1. Be sure to tell the manager about your dissatisfaction. Not the store clerk or cashier, ask to see the manager. If you don't tell someone with authority, how are they to know what changes to make? Don't let them guess. Ask your friends to do and say the same thing.

2. If the business is a large corporation, look them up on the Internet and write their customer service department. You'll get a sugar-coated reply that will justify what they're doing. It will hopefully make you angry to read it. Write another unemotional, pleasant letter being specific about the change you are requesting, asking they take your feedback seriously and submit it to upper management, with the threat of taking your business elsewhere. Ask your friends to do the same.

3. Look at the alternatives of taking your business elsewhere. Talk among your friends to determine which store is giving you the most value--prices and service (you probably can't have both), and shop there. If you're choices are limited delay purchases for awhile to make it hurt, at least appear you've gone elsewhere.
I hesitate to say this, but consider finding an Internet source. Small local shops are bound to have higher prices than Internet ones, even considering S&H. If shops' policies aren't providing good service perhaps they deserve to go out of business.
Can't find a better place to shop? Perhaps the store's prices and policies aren't all that unreasonable and you'll find knitting projects with different yarn colors are a new creative fad.
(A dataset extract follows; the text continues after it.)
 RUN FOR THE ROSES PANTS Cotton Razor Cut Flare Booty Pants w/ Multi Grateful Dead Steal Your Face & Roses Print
Don't expect immediate changes. And don't expect to always make changes. But please do take legal action instead of illegal action. The Internet has made so much of this easy and gives us consumers a strong voice if we use the tool effectively.

-Ron

Anonymous said...

Concerning the knitter thief, I have a yarn of my own to spin. We have thieves in our store who have gone beyond the Rubicon of sound reasoning and are so corrupt - they - like our government and police think it is their Constitutional right to steal if their reasoning permits. Next we will find we are killing one another because our reasoning permits it.

These are signs of a corrupt society knit together with phony yarn and ready to shed its old garments and be born anew.

I suggest the knitters of America knit one, pearl two and then read a little Bible, pray and confess their sin. : )

Let us commend people the likes of Don Hull, for their sound reasoning which leads to truth, which leads to freedom.

Sincerely,

Marie Kolasinski
Piecemakers Country Store
Costa Mesa, CA 92626

P.S. The yarn store, in question deserved to go defunct as our country also has sown corrupt seed and we will surely reap what we sow.

Anonymous said...

Yes, the theft of the two skeins of yarn was illegal and unethical. At the least, the two old skeins should have been left in the store!